Staff Review/ Carancho

Cornerhouse LiveWire Young Film Critic James Martin reviews Carancho

The latest movie from Argentina is an altogether different beast from its last major offering on the international front – The Secret in Their Eyes, despite the fact that both share the same superb lead actor: the prolific Ricardo Darin. In this, Darin plays Sosa, a disgraced lawyer who spends his time wondering around A&E Departments, chasing ambulances and staging accidents to acquire clients for the insurance company he works for. Of course, the company is about as rotten as they come – stinking of corruption, insatiable greed, disgusting selfishness and thuggish violence. Sosa is essentially the good guy mixed up in this, stuck between a rock and a hard place.

Then there is Lujan – the beautiful young doctor who has slowly become desensitized and cynical in her constant exhaustion and painful loneliness, alleviated only temporarily by her drug abuse.

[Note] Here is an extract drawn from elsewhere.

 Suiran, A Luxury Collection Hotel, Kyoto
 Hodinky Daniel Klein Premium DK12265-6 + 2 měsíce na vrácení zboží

The two meet one night at the site of a car accident: Lujan wants to help the victim, Sosa wants to add him to the client list. That they fall in love is inevitable. We know it’s coming, and so this movie’s success rests largely on the chemistry between the two stars and the believability of the relationship that grows between the characters they play.

That chemistry is electric. This adjective would pretty much describe the rest of the film as well; imperfect and rough around the edges it may be, but this is intelligent, high octane entertainment at its finest. It is a dark film that blends a great depth in its thematic material with fully developed characterisation and a plot as compelling and tense as anything I’ve seen all year. The camerawork is unassuming but rigorously effective in its free-style, rough-and-ready dismissal of the glossy visuals of Hollywood; the jerky camera movements and the inspired editing accentuate the brutality of the violence we see without ever making it overly gratuitous.

Some, I’m sure, will feel that the movie ends very abruptly. Indeed it does, but I don’t see that as a flaw – the movie’s last five minutes are so scary and tense, I was literally making hand gestures at the screen, as if I could alert the protagonists about events they were unaware of. It’s been a while since I’ve embarrassed myself that much in the cinema, but it shows how effective the movie is. That Carancho ends strangely cannot be held against it; it is a great, loud and violent film noir, and (quite fittingly), it ends with a bang!